La minaccia nucleare 80 anni dopo 

di Maurizio Simoncelli 

Sono passati ottanta anni da quel 6 agosto del 1945 quando, al termine della seconda guerra mondiale, le città di Hiroshima prima e di Nagasaki poi furono annientate dalla bomba atomica.

Centinaia di migliaia di vite umane, quasi tutti civili, furono spazzate via in un momento e decine di migliaia di sopravvissuti, quelli che poi saranno noti come gli “hibakusha”, portarono sul proprio corpo per tutta la vita i segni indelebili di quell’aggressione.

Iniziava l’era nucleare e il mondo non sarebbe stato più lo stesso. Gli Stati Uniti per un breve periodo furono gli unici a possedere la superarma atomica, ma poi Urss, Gran Bretagna, Francia e Cina se ne dotarono anch’esse. Per evitare un’ulteriore corsa agli armamenti nucleari fu firmato il Trattato di Non Proliferazione - TNP, a cui hanno aderito ben 191 Paesi. Tuttavia successivamente in un modo o in un altro, India, Pakistan, Corea del Nord e Israele se ne dotarono illecitamente.

Comunque sia, nell’epoca della Guerra Fredda il TNP riuscì a esercitare un freno, insieme ad accordi come l’Open Skies (Cieli aperti) e altri (SALT, START, ecc.), sulla corsa agli armamenti nucleari, mantenendo aperti canali di comunicazione e di confronto tra americani e russi, che nel XXI secolo sono stati via via cancellati o chiusi.

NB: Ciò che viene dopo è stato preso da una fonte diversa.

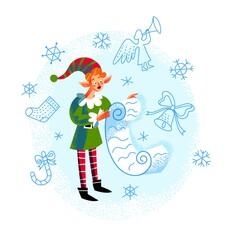 Christmas elf reading long list. Cute xmas character preparing new year presents from paper. Winter holiday vector illustration. Funny little boy in dwarf outfit, december season background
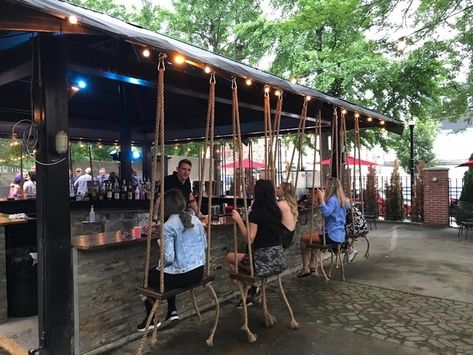 See inside Over-the-Rhine's Treehouse Patio Bar Bar Swings, Backyard Beer Garden, Beer Garden Ideas, Outdoor Bars, Bar Shed, Outside Bars, Backyard Bar, Patio Swing, Rustic Glam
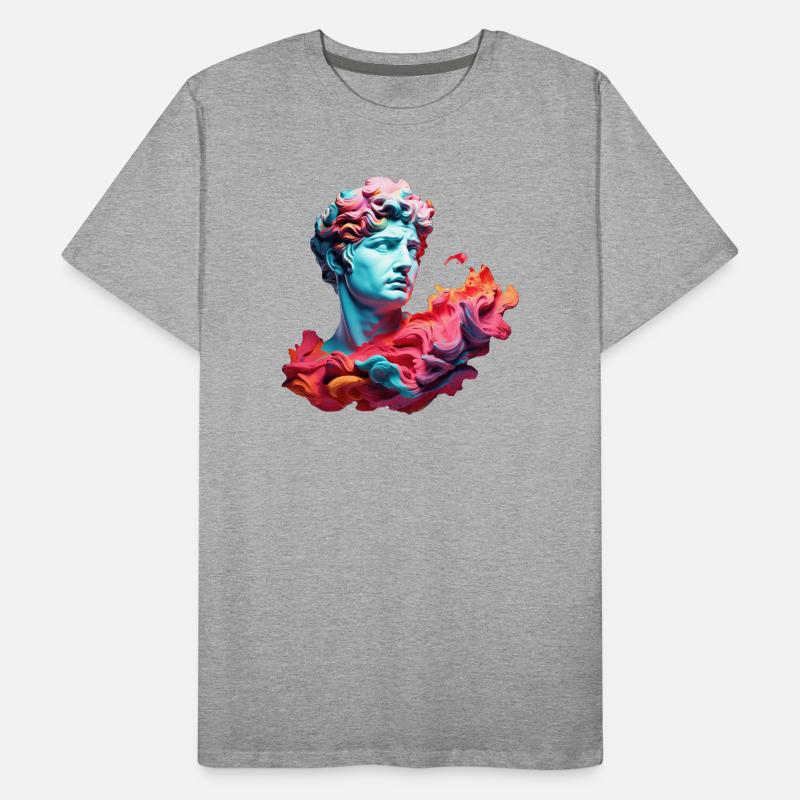 Neon Psychedelic Bust Men's Premium Organic T-Shirt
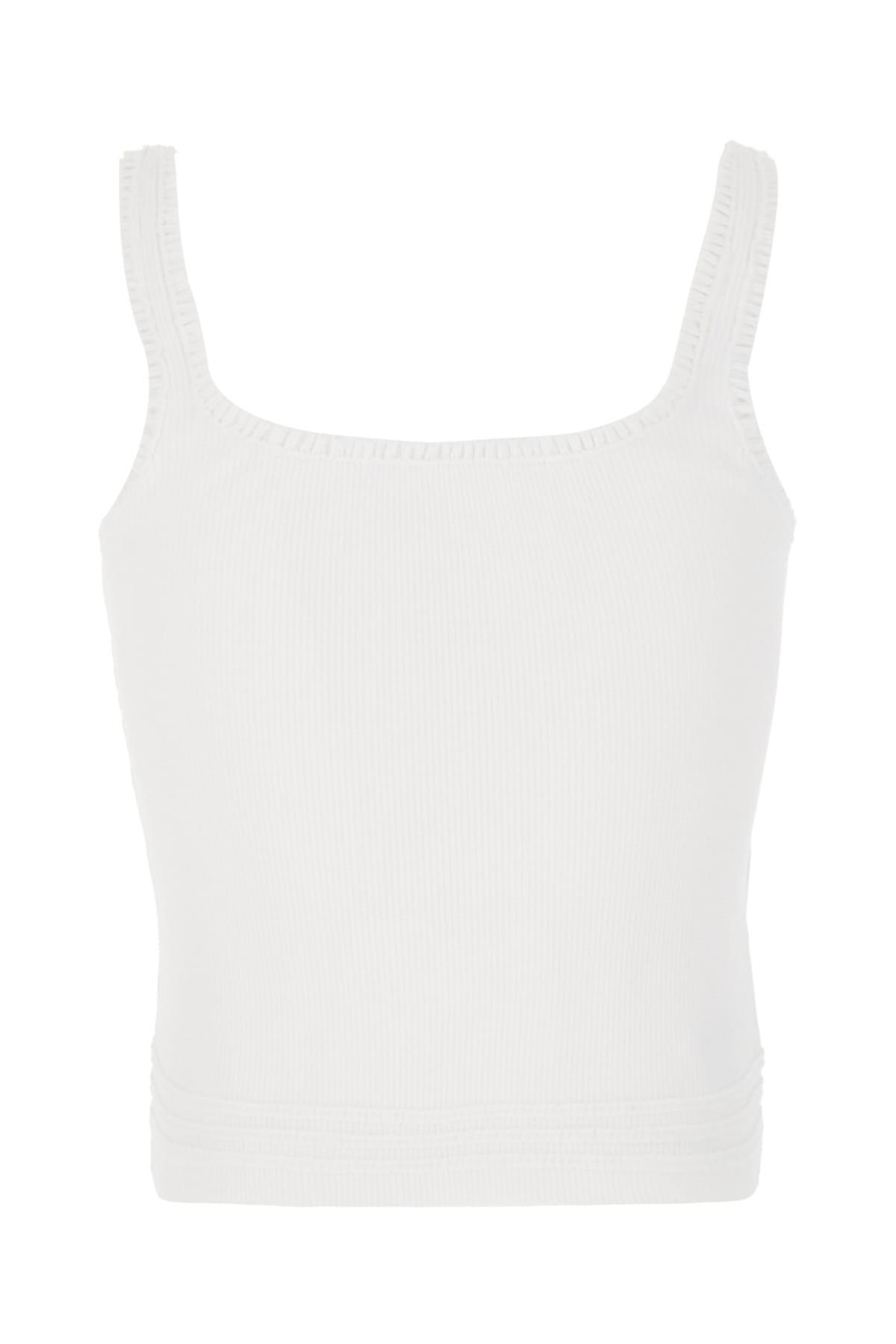 CHLOÉ White Stretch Cotton Top Product Image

Il progressivo deterioramento nelle relazioni internazionali e l’opzione politica per un crescente confronto “muscolare” ha portato alla situazione attuale in cui, oltre alle minacce aperte, assistiamo a palesi violazioni delle norme del TNP attraverso azioni militari unilaterali  (vedi l’attacco israeliano/statunitense all’Iran) in nome di una non-proliferazione che è sì un impegno previsto nel TNP, ma collegato all'impegno per le potenze nucleari a intraprendere azioni di disarmo dei loro ipertrofici arsenali.

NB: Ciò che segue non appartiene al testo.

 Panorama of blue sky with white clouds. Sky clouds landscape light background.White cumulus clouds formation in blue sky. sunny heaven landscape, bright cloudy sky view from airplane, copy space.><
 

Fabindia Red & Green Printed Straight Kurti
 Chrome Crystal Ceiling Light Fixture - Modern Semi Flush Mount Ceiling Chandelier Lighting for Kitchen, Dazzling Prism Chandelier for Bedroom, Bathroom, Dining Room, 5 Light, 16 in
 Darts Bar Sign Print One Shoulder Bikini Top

A complicare ancor più il quadro, a livello UE aumenta l'agitazione e si moltiplicano le voci dei leader (il polacco Donald Tusk, il francese Macron e il tedesco Merz, oltre alle offerte di collaborazione dell'altro Paese nucleare in Europa, la Gran Bretagna) che invocano l’atomica europea, per un’improbabile deterrenza rispetto alle migliaia di testate delle due superpotenze, Russia e Stati Uniti. Nel clima del Rearm Europe, si immagina un ruolo nucleare per una UE, divisa peraltro tra 27 eserciti e con 27 stati maggiori, altrettanti premier, ministri della difesa e ministri degli esteri.

Nel frattempo, i progressi tecnologici nell'ambito nucleare (imminente e totalmente imprevedibile nelle sue conseguenze la paventata applicazione ad esso dell'Intelligenza Artificiale) hanno portato a sviluppare vari modelli sia di testate sia di missili negli arsenali di Russia e Stati Uniti, che detengono il 90% del totale mondiale. 

La potenza delle cariche è stata diminuita a vantaggio della precisione e molteplicità delle testate, così come della velocità ipersonica dei vettori, allo scopo di poter usare le une e gli altri più efficacemente in aree circoscritte. Un’altra spinta verso la liquidazione del tabù nucleare che –  come ricordava il premio Nobel per l'economia Thomas Schelling – costituisce, nella tragedia, l'“eredità di Hiroshima" che nel dopoguerra ha moderato i rapporti strategici, in particolare tra Mosca e Washington. 

L'area più a rischio resta l'Europa. Dall’invasione dell’Ucraina Putin ha minacciato più volte l’impiego della Bomba e, dal punto di vista della dottrina, tanto la Nuclear Posture statunitense quanto quella russa, sono assai ambigue in merito.

Le armi nucleari di teatro o a medio-corto raggio, non intercontinentali, poi sono state espulse dalle intese del Cremlino e della Casa Bianca con la fine del Trattato degli antimissili balistici (ABM) nel 2002 a seguito della denuncia statunitense e la questione rimane tuttora irrisolta. È di questi giorni lo scambio di minacce in cui si sono esibiti l'ex presidente russo Dmitry Medved e il presidente USA Donald Trump, il primo resuscitando la "manomorta" automatica di una reazione nucleare di Mosca e il secondo replicando con l'annuncio dello spostamento di sottomarini (presumibilmente dotati di armi nucleari) nelle vicinanze della Russia.

Il confronto muscolare (sia pure retorico) e la diffusa delegittimazione del diritto internazionale rendono lo scenario internazionale sempre più preoccupante. Non sembra aver insegnato nulla all’umanità la tragica esperienza di Hiroshima e Nagasaki ottanta anni fa.